Tokyo — Japan's latest measures to stimulate the domestic economy are linked to steps to reduce frictions with its foreign trading partners, especially with the United States.
These steps include the reduction or elimination of tariffs on a variety of Japanese imports, including food and industrial products. The tariff changes are to take effect on April 1, 1984.
On the domestic front, the package of economic reflationary measures is given a better chance of succeeding where earlier ones have failed.
Previous packages - the most recent announced last April - have tended to be heavy on good intentions but light on substantive economic stimulation. But this time there is a great deal of substance to get the domestic economy back on the track of steady growth and to take some of the heat out of international trade friction, say a number of leading economic analysts.
The measures are not expected to have much impact in the current financial year, which ends March 31. But there are predictions that Japan's embarrassingly large international payments surplus could be cut by as much as $3 billion in fiscal 1984. Whether that will be enough to placate the US remains a moot point.

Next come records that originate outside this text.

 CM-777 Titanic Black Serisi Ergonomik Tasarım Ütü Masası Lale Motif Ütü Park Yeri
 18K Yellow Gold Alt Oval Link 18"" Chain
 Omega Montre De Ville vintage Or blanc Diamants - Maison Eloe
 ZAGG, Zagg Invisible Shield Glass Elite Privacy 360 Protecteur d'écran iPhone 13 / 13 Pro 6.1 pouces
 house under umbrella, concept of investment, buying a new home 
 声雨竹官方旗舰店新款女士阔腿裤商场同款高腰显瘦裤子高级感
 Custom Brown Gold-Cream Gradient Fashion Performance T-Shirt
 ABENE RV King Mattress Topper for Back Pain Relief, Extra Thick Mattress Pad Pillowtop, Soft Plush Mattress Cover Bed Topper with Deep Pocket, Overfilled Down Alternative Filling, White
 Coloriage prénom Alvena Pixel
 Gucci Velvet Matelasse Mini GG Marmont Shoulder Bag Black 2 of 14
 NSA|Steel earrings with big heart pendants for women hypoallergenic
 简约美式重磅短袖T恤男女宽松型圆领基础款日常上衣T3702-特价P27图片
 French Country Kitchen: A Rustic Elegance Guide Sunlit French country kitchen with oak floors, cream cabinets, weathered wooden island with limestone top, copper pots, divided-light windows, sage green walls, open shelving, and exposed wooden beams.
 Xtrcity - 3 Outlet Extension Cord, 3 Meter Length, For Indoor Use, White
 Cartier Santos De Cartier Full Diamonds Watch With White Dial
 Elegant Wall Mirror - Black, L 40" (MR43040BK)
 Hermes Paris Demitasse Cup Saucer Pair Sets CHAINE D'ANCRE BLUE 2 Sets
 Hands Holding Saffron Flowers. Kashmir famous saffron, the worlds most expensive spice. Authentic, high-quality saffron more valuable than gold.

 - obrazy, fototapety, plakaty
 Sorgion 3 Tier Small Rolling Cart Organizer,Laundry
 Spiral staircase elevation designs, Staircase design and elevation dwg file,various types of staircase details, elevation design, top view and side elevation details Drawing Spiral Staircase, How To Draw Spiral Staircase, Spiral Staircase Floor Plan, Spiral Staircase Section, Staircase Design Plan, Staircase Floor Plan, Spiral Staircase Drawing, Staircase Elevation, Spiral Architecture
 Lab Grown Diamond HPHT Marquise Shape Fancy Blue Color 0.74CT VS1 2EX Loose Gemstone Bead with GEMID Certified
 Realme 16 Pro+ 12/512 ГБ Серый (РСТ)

The indications are that this year the Japanese will have a trade surplus of overall balance-of-payments profit of some $20 billion.
This was one of the factors that finally persuaded the government to take the plunge after long hesitation.
Other considerations were President Reagan's visit to Tokyo next week and strong pressure from the ruling Liberal Democratic Party to have something to offer the electorate, should Prime Minister Yasuhiro Nakasone decide on an early general election as expected.
Although the domestic economy has resisted all previous attempts at reflation , the Economic Planning Agency this time is confident the targeted GNP growth of 3.4 percent for this fiscal year can be achieved.
Key measures in the package are a cut in personal income and residential taxes totaling some $5.2 billion, additional public works outlays of more than $ 8 billion, a cut in the Bank of Japan's official discount rate from 5.5 to 5 percent, reduction three years ahead of international schedule of import duties on 1,200 products, and provisions for low interest loans from the Export-Import Bank to encourage purchases of imported manufactured goods.
The Finance Ministry plans to make it easier for foreigners to acquire stocks and invest in real estate here as part of its program for ''internationalization of the yen.'' And other specific measures to stimulate the inflow of foreign capital are under consideration, ministry sources said without elaborating.
But there are a number of question marks. In view of chronic budgetary deficits, there is the issue of how the government is going to finance the various measures. Another problem is how to shrink the trade surplus. This can occur if local manufacturers are able to divert a substantial portion of their output from the export to the domestic market, a very uncertain prospect. And even with import duty cuts there is still no guarantee local demand for foreign products will grow significantly.
There is also a question of translating the measures into positive action at a time when the government is increasingly preoccupied with political problems and a stalled Diet (parliament) due to clashes with the opposition over former prime minister Kakuei Tanaka's conviction in the Lockheed bribes trial.
Nevertheless, Western diplomats agree the Tokyo government has taken some important steps in the right direction for fully opening up the Japanese market.